There’s a long history of prophetic defeatism disguised as eschatological inevitability sprinkled with the thwarting pixie dust of Manichaeistic dualism. Consider Augustine (354–430):
“[T]he Augustinian theology that dominated Europe for 1,000 years had a power and beauty that led to great contributions to the arts in the Middle Ages, but its ‘eschatology which perpetuated the idea of decay and collapse of the world and of salvation as redemption out of it, directed attention away from the world to the superterrestrial, while its conception of the sacramental universe allowed only a symbolic understanding of nature and a religious, illustrative use of it’ thus ‘taking up and sanctifying a cosmological outlook that had to be replaced if scientific progress was to be made.’”6
Liberals love it when conservatives talk about the end times. Liberals know that political change takes lots of time. It took more than a century to get us to this political place in history. When Christians hear of the latest claim that we don’t have much time before the end, social and political disengagement seeps in.

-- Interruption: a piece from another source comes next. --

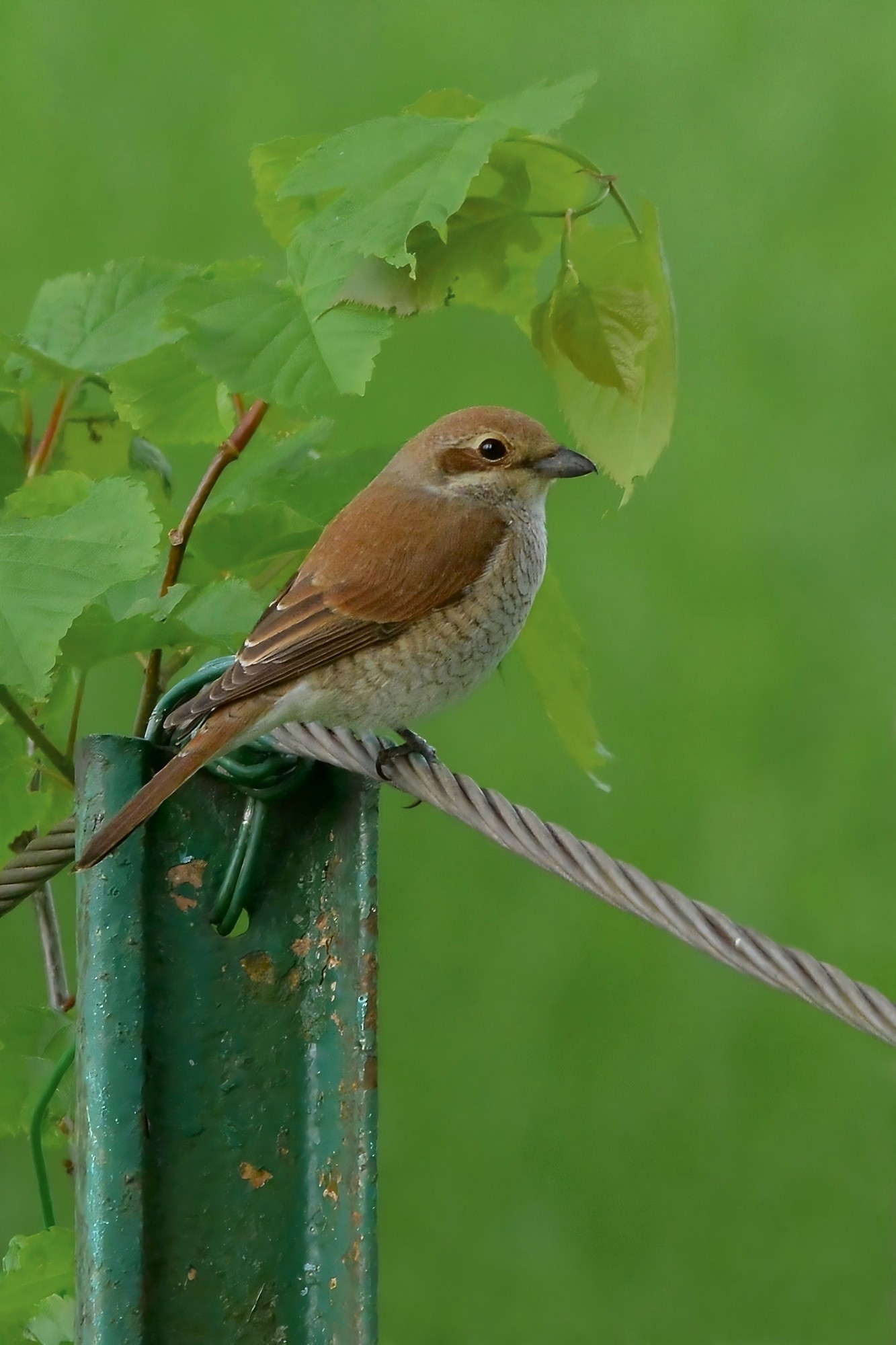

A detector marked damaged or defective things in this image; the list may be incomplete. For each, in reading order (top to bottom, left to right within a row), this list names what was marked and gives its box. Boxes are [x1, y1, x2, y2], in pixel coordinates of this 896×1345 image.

rusty metal post [73, 737, 376, 1345]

When liberals see wars, potential future disasters like “Global Warming,” economic turmoil, and technological over exuberance, they use these as an excuse to increase the power of government. They never let a crisis go to waste.
Prophecy pundits, on the other hand, see these as signs of an inevitable end that cannot be changed. There is no use trying to fix what is prophesied to take place. There are millions of Christians who never vote because they believe that most of the prophetic signs are in place. Chuck Baldwin gets it right:
“I believe it is an absolute fact that many pastors and Christians are using the doctrine of a pre-tribulation rapture to justify sitting back and doing nothing to actively resist evil and wickedness. In their minds, there is no need to be politically involved because everything is going to get worse anyway — but they are going to be raptured to Heaven before it all falls apart. I have actually had pastors say to me, ‘Chuck, by resisting evil government, you are fighting against God, because it is God’s will that government gets worse and worse so that Jesus can come back.’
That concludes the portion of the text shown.